LE GABION

Publié le par LE PETIT GOUBLIN

Le destin nous surprend toujours au détour d'un chemin. Françoise va en faire l'expérience dans les Marais du Cotentin, à deux pas du Mont d'Étenclin où les sorcières organisaient leur sabbat, il n'y a pas encore si longtemps...

  Alors qu'elle séjournait à Cherbourg, cité des parapluies, Françoise avait souhaité rendre une petite visite à son copain Michel (Polna) qui faisait une petite retraite à Tessy, à l'Hôtel de France.
Sa petite Spitfire roulait bien, entre Saint-Sauveur le Vicomte et La Haye du Puits. Elle serait bientôt à Saint-Lô, puis à Tessy...
  C'est alors que l'imprévisible se produisit : à la sortie d'un virage, la Triumph mordit un peu sur le bas côté humide et… se retrouva dans un fossé très large. Fran avait bien aperçu l'écriteau "Parc Naturel des Marais du Cotentin", puis un lieu-dit "Marais de la Sangsurière", mais elle n'avait pas imaginé un seul instant qu'il y eût tant d'eau dans ces marécages, un 5 mai 1966.
  La voiture s'enfonçait inexorablement dans l'immense fossé. L'eau allait bientôt rentrer dans l'habitacle. Françoise prit son sac et sortit en catastrophe du petit cabriolet rouge.
C'était une nuit sans lune. Vu l'heure tardive, il faisait déjà très sombre et plus aucune voiture ne passait.
  Soudain, elle aperçut la silhouette d'une petite hutte, une quinzaine de mètres plus loin. De crainte de passer la nuit au bord de la route, dans le noir, elle s'approcha de l'abri et observa les environs. C'était un gabion dressé sur une hauteur, entouré de roseaux et devant lequel s'étendait une vaste étendue d'eau de forme globalement triangulaire.
  Elle pénétra dans le petit local sans difficulté. La porte ne grinça même pas...

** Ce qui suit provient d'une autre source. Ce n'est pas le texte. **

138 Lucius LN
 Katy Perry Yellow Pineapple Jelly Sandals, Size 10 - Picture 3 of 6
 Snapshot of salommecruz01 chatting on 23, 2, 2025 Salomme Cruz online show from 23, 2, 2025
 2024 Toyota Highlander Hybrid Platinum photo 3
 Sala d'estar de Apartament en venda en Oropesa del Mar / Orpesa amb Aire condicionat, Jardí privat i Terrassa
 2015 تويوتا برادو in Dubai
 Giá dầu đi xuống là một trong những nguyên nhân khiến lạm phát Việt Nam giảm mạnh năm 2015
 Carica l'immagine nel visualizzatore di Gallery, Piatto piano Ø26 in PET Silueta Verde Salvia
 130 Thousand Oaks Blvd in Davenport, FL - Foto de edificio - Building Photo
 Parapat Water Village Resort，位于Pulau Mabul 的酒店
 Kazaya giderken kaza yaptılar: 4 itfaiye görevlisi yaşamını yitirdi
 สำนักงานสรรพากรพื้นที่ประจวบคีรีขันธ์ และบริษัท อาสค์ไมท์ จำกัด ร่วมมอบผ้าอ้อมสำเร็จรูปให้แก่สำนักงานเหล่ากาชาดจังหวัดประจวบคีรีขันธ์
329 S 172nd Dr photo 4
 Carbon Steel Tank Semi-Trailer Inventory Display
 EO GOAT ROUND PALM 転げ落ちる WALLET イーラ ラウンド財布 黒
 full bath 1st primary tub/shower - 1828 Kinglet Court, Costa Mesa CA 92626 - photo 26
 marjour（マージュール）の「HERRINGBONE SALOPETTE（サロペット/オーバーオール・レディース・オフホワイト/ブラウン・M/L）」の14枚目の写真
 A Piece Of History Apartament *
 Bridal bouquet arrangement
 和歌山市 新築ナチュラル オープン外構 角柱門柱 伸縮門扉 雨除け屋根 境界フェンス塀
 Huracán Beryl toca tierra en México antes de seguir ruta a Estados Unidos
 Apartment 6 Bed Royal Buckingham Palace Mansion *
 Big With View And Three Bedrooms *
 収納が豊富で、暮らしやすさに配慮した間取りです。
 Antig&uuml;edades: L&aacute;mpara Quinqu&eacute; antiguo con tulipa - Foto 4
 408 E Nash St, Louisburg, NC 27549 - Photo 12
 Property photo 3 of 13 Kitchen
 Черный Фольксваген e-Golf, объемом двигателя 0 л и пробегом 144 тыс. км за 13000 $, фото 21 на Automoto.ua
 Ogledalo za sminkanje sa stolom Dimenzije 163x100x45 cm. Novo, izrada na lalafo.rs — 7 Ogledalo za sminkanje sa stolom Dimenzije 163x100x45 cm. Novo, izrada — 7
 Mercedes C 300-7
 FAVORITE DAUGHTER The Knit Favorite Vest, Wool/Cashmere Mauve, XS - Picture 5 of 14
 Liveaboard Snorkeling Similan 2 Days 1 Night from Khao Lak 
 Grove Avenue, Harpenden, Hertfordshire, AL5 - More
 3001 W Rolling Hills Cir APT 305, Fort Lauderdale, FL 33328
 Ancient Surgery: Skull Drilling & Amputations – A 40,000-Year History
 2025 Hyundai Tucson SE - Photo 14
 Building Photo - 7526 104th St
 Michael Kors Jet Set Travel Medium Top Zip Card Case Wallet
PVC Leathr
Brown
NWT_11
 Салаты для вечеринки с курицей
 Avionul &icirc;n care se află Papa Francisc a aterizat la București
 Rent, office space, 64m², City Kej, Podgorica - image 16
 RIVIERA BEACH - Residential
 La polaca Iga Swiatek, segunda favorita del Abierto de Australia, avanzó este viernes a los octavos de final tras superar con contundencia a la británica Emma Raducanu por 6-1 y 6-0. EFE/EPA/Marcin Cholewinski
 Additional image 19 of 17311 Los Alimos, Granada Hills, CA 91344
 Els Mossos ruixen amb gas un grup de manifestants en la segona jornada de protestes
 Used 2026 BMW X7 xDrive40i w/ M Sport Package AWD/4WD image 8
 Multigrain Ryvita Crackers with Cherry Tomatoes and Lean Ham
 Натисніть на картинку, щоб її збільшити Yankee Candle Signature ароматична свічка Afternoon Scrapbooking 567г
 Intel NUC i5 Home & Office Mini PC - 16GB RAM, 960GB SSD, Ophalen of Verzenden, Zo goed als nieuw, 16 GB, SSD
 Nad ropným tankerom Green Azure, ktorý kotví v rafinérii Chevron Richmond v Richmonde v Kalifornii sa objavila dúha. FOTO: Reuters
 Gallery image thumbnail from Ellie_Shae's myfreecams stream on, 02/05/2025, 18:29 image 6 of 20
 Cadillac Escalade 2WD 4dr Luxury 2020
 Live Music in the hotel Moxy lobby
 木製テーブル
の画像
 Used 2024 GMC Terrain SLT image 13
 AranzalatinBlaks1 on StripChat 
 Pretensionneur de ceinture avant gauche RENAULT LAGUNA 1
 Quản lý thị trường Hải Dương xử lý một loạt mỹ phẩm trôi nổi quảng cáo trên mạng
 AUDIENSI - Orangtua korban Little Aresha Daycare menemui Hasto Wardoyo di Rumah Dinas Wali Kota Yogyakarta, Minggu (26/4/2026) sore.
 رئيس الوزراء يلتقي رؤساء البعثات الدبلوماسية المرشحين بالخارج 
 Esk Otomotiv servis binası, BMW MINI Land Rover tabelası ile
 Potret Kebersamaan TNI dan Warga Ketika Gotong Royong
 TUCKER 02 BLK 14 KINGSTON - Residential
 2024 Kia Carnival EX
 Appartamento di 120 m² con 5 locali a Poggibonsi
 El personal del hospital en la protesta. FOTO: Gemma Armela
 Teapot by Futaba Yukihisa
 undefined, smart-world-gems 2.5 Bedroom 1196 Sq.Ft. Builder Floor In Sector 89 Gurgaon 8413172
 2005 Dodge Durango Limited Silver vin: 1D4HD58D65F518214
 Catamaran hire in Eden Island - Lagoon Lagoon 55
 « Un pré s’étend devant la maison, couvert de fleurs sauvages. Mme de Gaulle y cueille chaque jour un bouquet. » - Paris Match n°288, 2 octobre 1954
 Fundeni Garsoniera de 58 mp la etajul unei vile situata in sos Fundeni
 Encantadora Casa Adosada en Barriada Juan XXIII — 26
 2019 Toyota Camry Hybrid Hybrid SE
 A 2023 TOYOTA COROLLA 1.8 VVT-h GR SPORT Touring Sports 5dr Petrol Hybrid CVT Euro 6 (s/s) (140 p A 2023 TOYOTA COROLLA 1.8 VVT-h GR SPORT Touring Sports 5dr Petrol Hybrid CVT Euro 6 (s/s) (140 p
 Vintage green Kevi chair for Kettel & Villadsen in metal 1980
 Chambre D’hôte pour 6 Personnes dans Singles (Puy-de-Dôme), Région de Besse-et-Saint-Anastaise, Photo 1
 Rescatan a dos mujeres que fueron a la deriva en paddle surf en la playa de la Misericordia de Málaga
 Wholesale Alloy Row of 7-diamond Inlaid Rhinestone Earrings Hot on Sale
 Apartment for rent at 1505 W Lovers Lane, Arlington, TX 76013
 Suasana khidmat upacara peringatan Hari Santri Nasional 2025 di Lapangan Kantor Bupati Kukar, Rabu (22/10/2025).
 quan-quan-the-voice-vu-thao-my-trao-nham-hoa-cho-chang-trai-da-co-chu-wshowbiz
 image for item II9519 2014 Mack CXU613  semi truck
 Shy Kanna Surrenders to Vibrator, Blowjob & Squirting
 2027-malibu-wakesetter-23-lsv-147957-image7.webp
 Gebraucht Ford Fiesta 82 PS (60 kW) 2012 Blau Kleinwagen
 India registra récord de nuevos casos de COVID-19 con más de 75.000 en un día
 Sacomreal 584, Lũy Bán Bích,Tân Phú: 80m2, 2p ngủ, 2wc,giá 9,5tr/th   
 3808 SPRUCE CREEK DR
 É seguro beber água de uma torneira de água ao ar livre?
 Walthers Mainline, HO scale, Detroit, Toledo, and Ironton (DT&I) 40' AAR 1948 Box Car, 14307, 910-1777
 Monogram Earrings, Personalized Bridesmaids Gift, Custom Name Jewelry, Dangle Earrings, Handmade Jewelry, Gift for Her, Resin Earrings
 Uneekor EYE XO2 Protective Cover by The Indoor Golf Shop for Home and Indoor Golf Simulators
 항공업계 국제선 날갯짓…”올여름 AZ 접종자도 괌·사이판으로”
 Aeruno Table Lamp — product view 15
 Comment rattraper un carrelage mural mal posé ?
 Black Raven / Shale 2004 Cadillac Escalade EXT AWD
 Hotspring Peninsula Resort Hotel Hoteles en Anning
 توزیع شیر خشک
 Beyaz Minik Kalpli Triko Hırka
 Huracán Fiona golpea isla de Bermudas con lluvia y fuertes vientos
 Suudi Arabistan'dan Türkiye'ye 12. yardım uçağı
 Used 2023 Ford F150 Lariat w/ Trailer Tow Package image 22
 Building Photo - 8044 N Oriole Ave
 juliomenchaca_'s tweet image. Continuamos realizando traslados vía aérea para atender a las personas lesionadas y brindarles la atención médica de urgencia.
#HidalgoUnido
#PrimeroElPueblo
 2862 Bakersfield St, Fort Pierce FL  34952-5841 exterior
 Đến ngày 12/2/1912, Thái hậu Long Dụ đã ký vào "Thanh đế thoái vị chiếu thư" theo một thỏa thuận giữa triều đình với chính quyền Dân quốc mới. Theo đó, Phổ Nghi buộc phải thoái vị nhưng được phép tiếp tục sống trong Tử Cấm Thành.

  Elle alluma son briquet et aperçut trois bougies installées sur de larges bougeoirs en terre cuite de Mourot. Le gabion était rustique mais confortable : une table avec deux chaises, un divan rouge et une couchette surélevée à l'autre extrémité. Une très longue fente en direction du plan d'eau… Ouf ! elle ne passerait pas la nuit dehors et ne serait pas dans le noir absolu. Françoise s'installa sur le sofa et alluma une cigarette. Elle pensait à son petit bijou de bagnole noyé dans l'eau boueuse du marais…
Elle s'allongea, découragée, succombant enfin à cette débauche d'émotions fâcheuses. Alors qu'elle commençait à se laisser emporter dans les bras de Morphée, la porte du gabion s'ouvrit…
  L'homme venait de déposer deux bourres* au pied du gabion et deux mâlards* vers la pointe extrême du plan d'eau. Son chien, un Épagneul Breton, s'ébroua discrètement et se faufila derrière lui. Le nouvel arrivant parut d'abord surpris, puis fâché :
- Mais quel est l'imbécile qui a laissé cette bougie allumée ?
Françoise se réveilla brusquement, saisie d'effroi :
- C'est moi, monsieur, pardonnez-moi, j'avais peur dans le noir.
- Bonsoir mademoiselle. Mais que faites-vous ici ?
- Je suis désolée de mon intrusion. J'ai eu un accident de voiture et je ne voulais pas passer la nuit dehors.
- Soyez la bienvenue dans mon gabion ! Je m'appelle Jules Amédée…
- Moi c'est… Françoise. Je suis confuse. Merci.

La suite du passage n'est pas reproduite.